■ **Task to complete**: Write out the data exactly as given, dropping every picture.

■ **Data**:
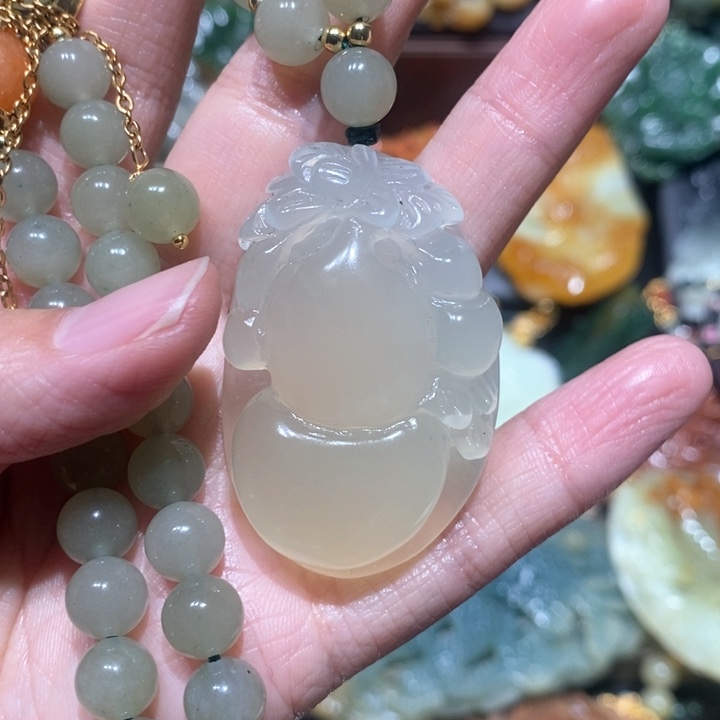 岫玉毛衣链未镶嵌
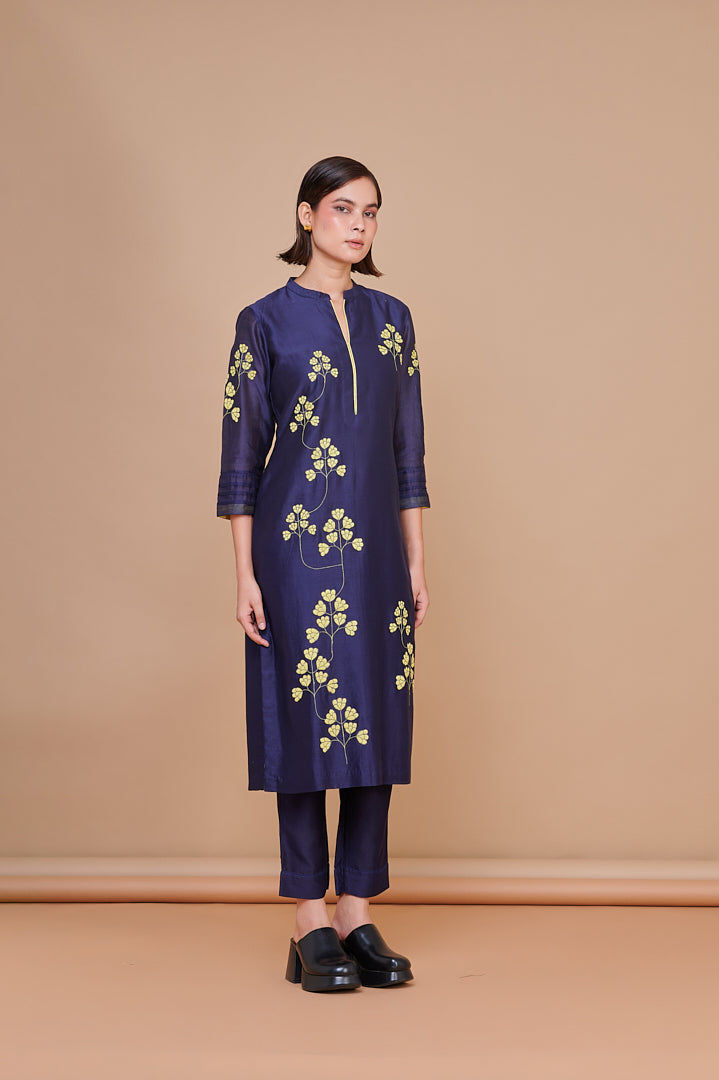 9001371 INDIGO YELLOW FLORAL APPLIQUE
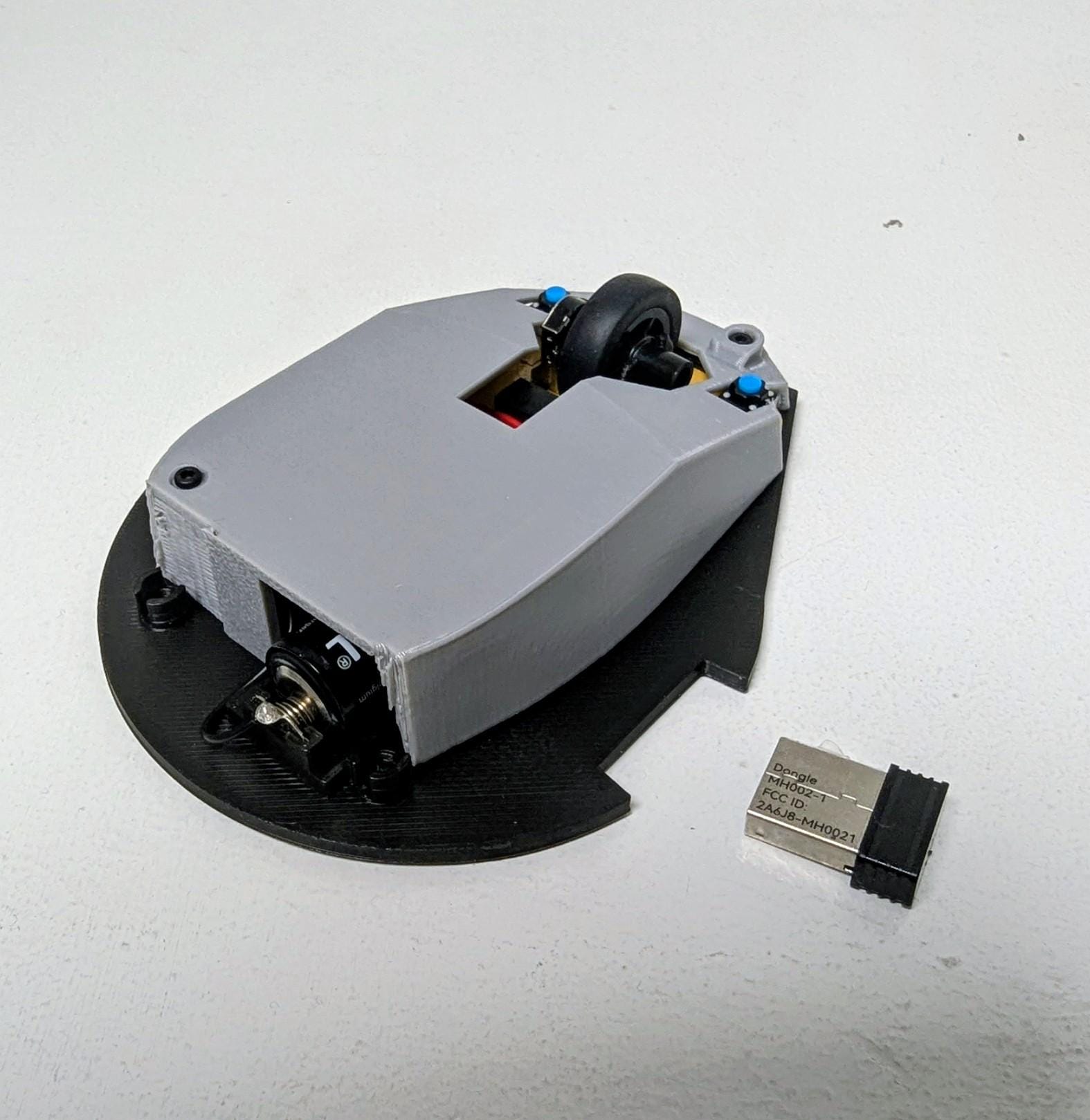 Millenium Falcon Wireless Mouse, with Optional S Wars display case. Great Sci fi galactic empire present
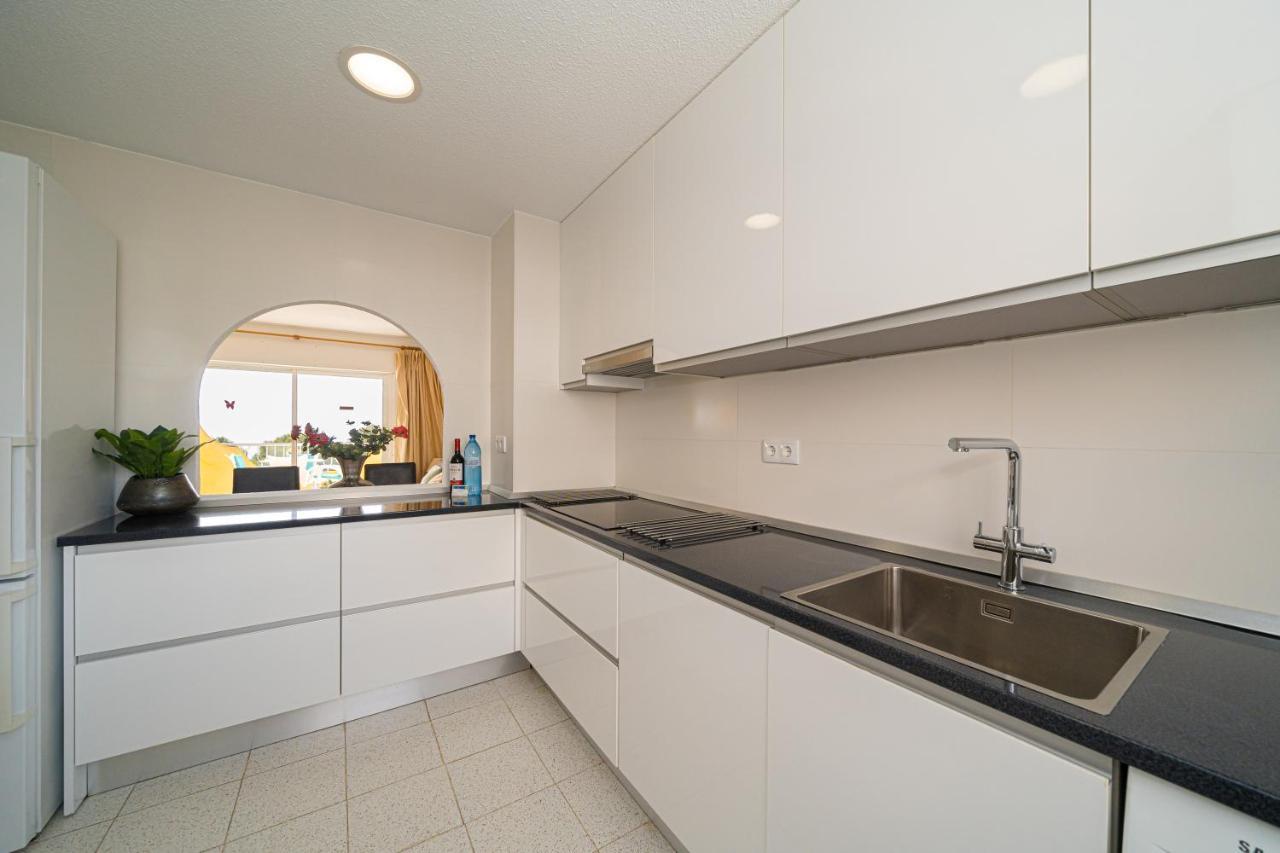 Apartment Sandra By The Sea El Campello Bagian luar foto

■ **Your response**:
 岫玉毛衣链未镶嵌
 9001371 INDIGO YELLOW FLORAL APPLIQUE
 Millenium Falcon Wireless Mouse, with Optional S Wars display case. Great Sci fi galactic empire present
 Apartment Sandra By The Sea El Campello Bagian luar foto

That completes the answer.